Summit County has a lack of affordable housing for its workforce, and many individuals find housing by renting from second-home owners who post their available units on sites like Craigslist and Summit County Housing Connection. But renting from these sites leaves room for scams.

“It’s definitely a concern because it impacts our local population,” said Jennifer Johnson, a detective with the Breckenridge Police Department. “We’ve had reports where somebody drives up to us with a loaded U-Haul from out of state ready to move in, but then they find out that the address they thought they were renting doesn’t even exist.”

— Jenna deJong

4. Summit County commissioners take initial steps to cut ties with Mind Springs Health

The Summit County commissioners are taking steps to cut ties with Mind Springs Health as community members continue to struggle with accessing care from the mental health provider.

The commissioners held an emotional meeting with Mind Springs representatives and other behavioral health experts Tuesday, March 29. They described a dire situation in which people in crisis aren’t receiving basic support.

“I can’t in good conscience continue to allow what’s happening in Summit County right now to continue,” Commissioner Tamara Pogue said.

— Libby Stanford

5. Interstate 70 expansion project on Vail Pass will bring 30-minute closures, single-lane travel this summer

The five-year, nine-figure Interstate 70 West Vail Pass Auxiliary Lanes project got off to a good start in 2021 as the first fall season of construction was completed with relatively low impact to motorists and trail users.

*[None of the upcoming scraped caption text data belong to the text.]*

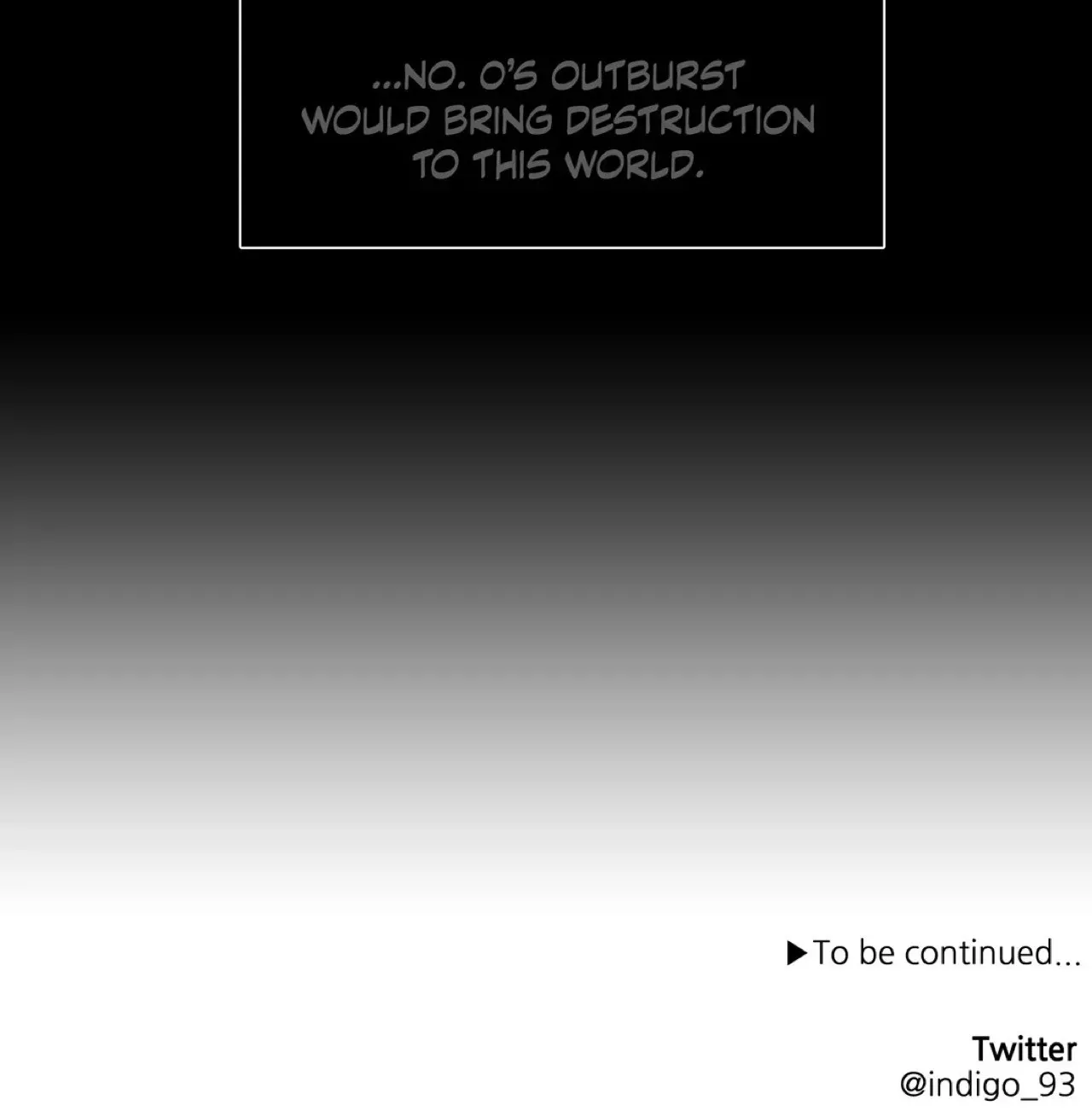 Read Heroes Plan.B chapter 23 image 87 on Lezhin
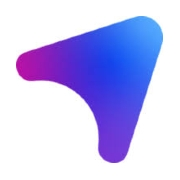 Airnow logo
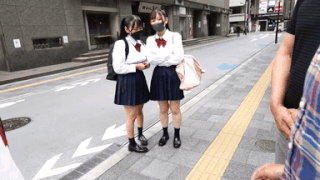 h_1350vov00136-【乱交】最強ビッチ大集合！数珠つなぎ乱交SEXパーティーvol.71「お姉さんよりエッチな友達紹介してもらえますか」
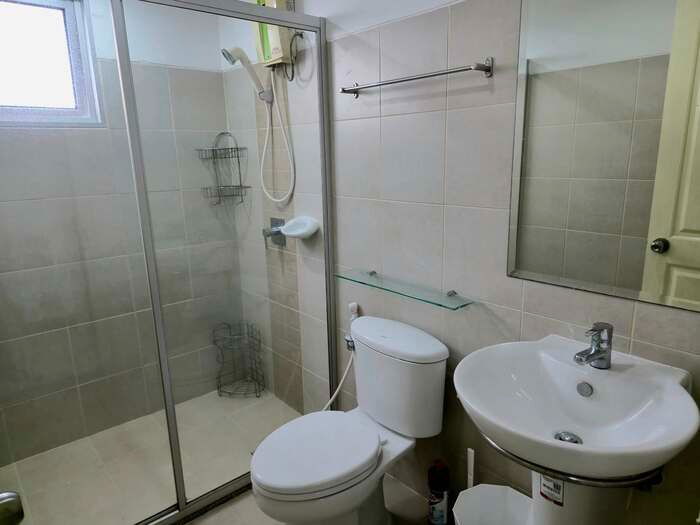 picture For rent  -  Supalai park ratchaphruek - phetkasem - 6/12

Now, however, begins the hard part on the section of I-70 through Vail Pass. The area between mile markers 180 and 190 has the highest crash rate in Colorado.

Beginning in April, the second of the project’s five scheduled construction seasons will get underway which, over the course of the summer and fall, will involve lane closures and rock blasting, stopping the interstate in both directions for up to 30 minutes.